It's possible some of those missing were washed into Lake Pontchartrain, or their bodies remain in the rubble that still blankets much of the city. Over the last several weeks, at least one family returning to a wrecked home has found the remains of a relative inside.
Some of those still listed as missing likely have been found already by relatives but the center hasn't been notified of their status, the call center said. Others may not want to be found because of criminal or legal problems.
More than 1,300 Katrina-related deaths have been reported across five states, with 1,078 of those from Louisiana.
Meanwhile, a lawsuit was filed to stop the city from proceeding with its demolition plans, and on Dec. 28 the city agreed to put off any demolitions until the case could be heard in court.
On Friday, a federal judge approved a settlement between the city and plaintiffs that set up a notification system.
Under the agreement, homeowners of about 120 properties that were seriously damaged or pose an immediate threat to the public will be given seven to 10 days notice.

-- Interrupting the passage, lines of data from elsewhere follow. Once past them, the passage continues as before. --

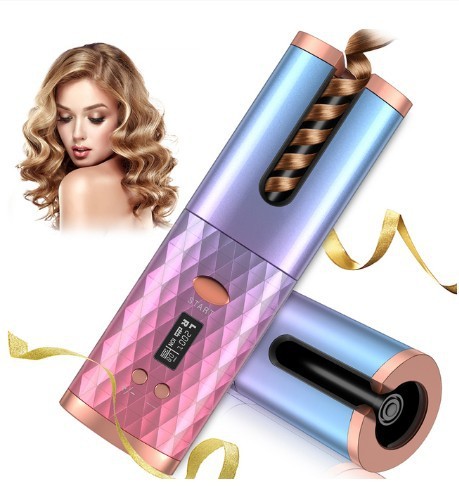 Rechargeable Automatic Hair Curler Women Portable Hair Curling Iron LCD Display Ceramic Curly Rotating Curling Wave Styer - Heritage cosmetics and beauty care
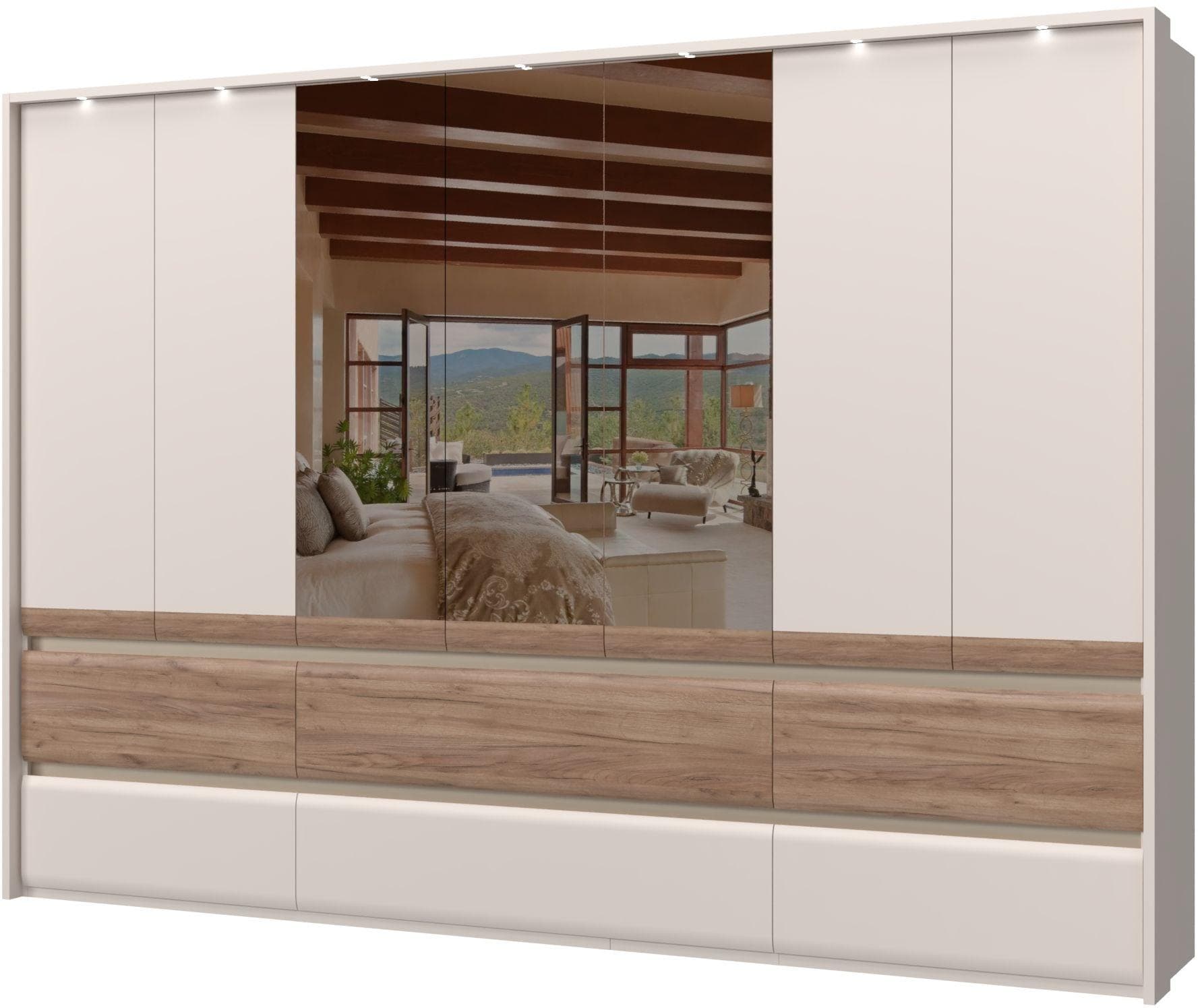 OTTO HOME Kleiderschrank Invictus Beige UV-Lackiert mit LED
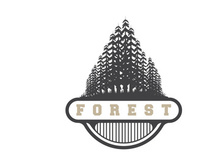 Forest Logo, Vector Forest Wood With Pine Trees Design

A 30-day notice will be given to the owners of about 1,900 other houses slated for demolition.
Homeowners will be able to challenge demolitions.
"There are a lot of folks around town who I expect will protest," said Tracie Washington, a lawyer with the Washington-based Advancement Project, the advocacy group that championed the fight against the demolitions.
The city attorney's office did not immediately return a call seeking comment Wednesday morning.
Washington said the lawsuit was filed because many residents evacuated to other cities have not had a chance to go through their homes to find their possessions or because, in some cases, residents were still waiting for their insurers to assess their damage.
"I can't imagine coming back after being shipped off to another city and coming home and finding my home not there," Washington said.
The city has said that as many as 5,500 homes and businesses on the east bank of the Mississippi River may need to be razed.
Also Wednesday, Louisiana's top election official assured a federal judge that New Orleans can hold its hurricane-delayed elections by late April, and the judge gave the state a week to set the dates.
Gov. Kathleen Blanco postponed the Feb. 4 elections for mayor, City Council and other posts after Katrina scattered most of the city's half-million residents and damaged hundreds of election precincts.
Secretary of State Al Ater told U.S. District Judge Ivan Lemelle that the primary could be held on April 22 and a general election on May 20.